November 17, 2011

My Quest to Define “NoSQL”

“NoSQL”. For the last couple of years it’s been an increasingly hot buzzword in Cloud application discussions. This new trend in databases brought with it unprecedented data processing speeds and flexibility to traffic-intensive websites and services.

But what are the specifics? What is NoSQL, really? The term as it is most commonly used has only been in the common lexicon since 2009, after all. I knew it was a label for technologies offering an alternative to the relational database approach that has dominated for decades, the latter championed by well-known systems like Oracle, SQL Server, and MySQL. I knew that NoSQL encompasses exciting new database technologies like MongoDB, Hbase, and Cassandra. I also knew that some of the concepts and technologies under the NoSQL umbrella have been around for ages, niche approaches whose time in the mainstream simply hadn’t come. Beyond that, it was a nebulous term existing in an industry overflowing with products, technologies, and concepts.

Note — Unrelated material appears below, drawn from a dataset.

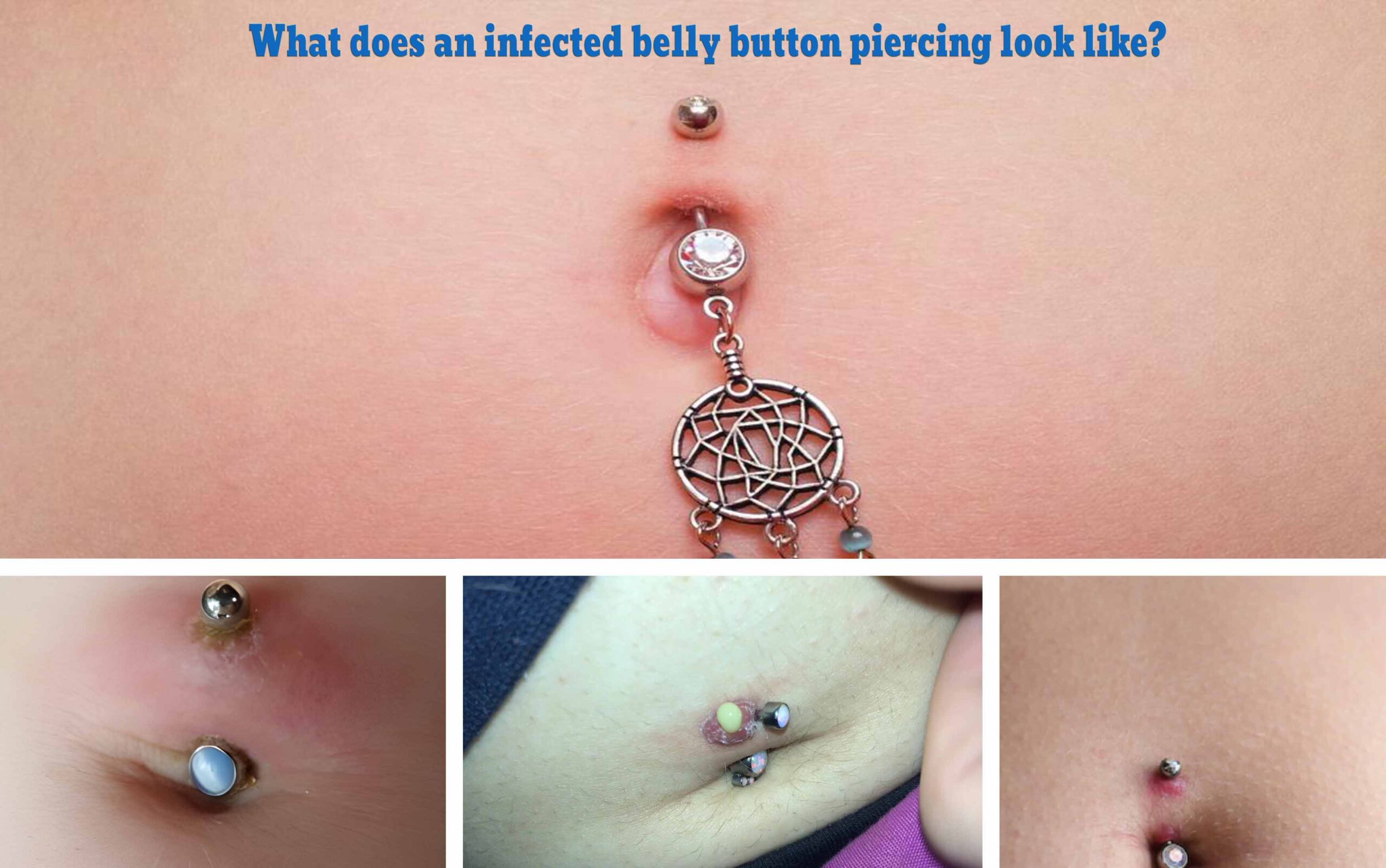 Belly Button Infections Pictures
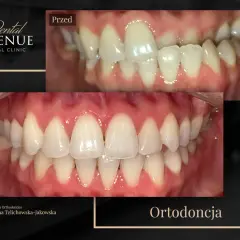 Aparat estetyczny przed i po: krzywe zęby wyprostowane, uśmiech odmieniony. Ortodoncja w Dental Avenue.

However, not being able to concisely define an oft-used term is like having a nagging splinter in my head.

Thus my quest for an end-all definition began. How hard could it be? Light digging betrayed a common tendency to view NoSQL as a saint-like savior from the “oppressive nature” of SQL and relational databases. Freedom from third normal form! Freedom from the tyrannical chains of database schemas! Freedom from associative entities, unintended Cartesian products, foreign key constraints, gox box socks and yill-iga-yaks and everything else “the man” imposed on us all! A veritable revolution!

But there had to be more to it. Surely NoSQL cannot be defined simply in terms of what it’s not? Could a restaurant’s entire menu be defined as “steak and not-steak”? How exactly does one order a “not-steak”? What am I truly implementing with a NoSQL database? What is the concrete, set-in-stone definition of NoSQL?

After much contextual hand wringing, the answer is…still surprisingly vague. Wikipedia, the world’s leading bastion of irrefutable wisdom (at least considered as such for as long as it is convenient for the writing of this post), currently defines NoSQL as:

“…a broad class of database management systems that differ from the classic model of the relational database management system (RDBMS) in some significant ways. These data stores may not require fixed table schemas, usually avoid join operations, and typically scale horizontally.”

In other words, NoSQL refers to a slew of disparate DBMS types that are somehow different from the classic aforementioned mainstream relational varieties we all know.  Beyond that, it’s a swamp marsh tangle of “some” and “may” and “usually.” As if these waters weren’t muddied enough, there are those who insist that NoSQL databases cannot even be considered to be truly non-relational.

Oh, and there’s more. Let’s take this to Hudson River levels of murk: consider that NoSQL doesn’t even truly mean “no SQL”…since NoSQL has no unifying language standards, SQL syntax could be a perfectly valid interface to a NoSQL structure. And in fact, a language called “UnQL” is being developed as a standard query language for NoSQL environments. Ironically, and perhaps to the chagrin of the anti-SQL crowd, UnQL’s syntax is largely based upon…

…wait for it…

…SQL. It should then come as no surprise that “NoSQL” is generally now considered to stand for “Not Only SQL”, as opposed to the more intuitive (and perhaps more popular amongst more militant circles) interpretation.

This was not working. My simple search was clouded and so polluted by now that anyone smoking near this toxic confluence of obfuscation would be in danger of triggering the world’s largest three-eyed fish fry.

By this point it’s pretty clear that the name “NoSQL”, while catchy and providing quite the hook with its controversial implications, is simply not very accurate or meaningful. It’s not descriptive of any particular database technology or concept. Rather, the name is representative of a group of database technologies and concepts truly bound in sharing only that which they are not. The “not-steaks”. In other words, my quest ended up right where it began.

So for the sake of my own sanity, with the highest certainty of disagreement from some contingent or another, I am defining NoSQL as any database system that by design does not encourage the traditional concepts of Edgar F. Codd’s relational model or ACID properties. Or, in more laymen’s terms, any database system that lets one layout and extend data with high flexibility and without being overtly concerned with the data integrity and consistency considerations of classic relational database design.

I’ll just stick with this. Vague? Sure. Debatable? Absolutely. At least it’s concise. It’s also for the most part the same ambiguous definition that is typically offered up for the term. I must concede defeat to the extent of being unable to put a smaller box around the concept of NoSQL. Now if I can just embrace the vagary, perhaps that splinter in my head will go away.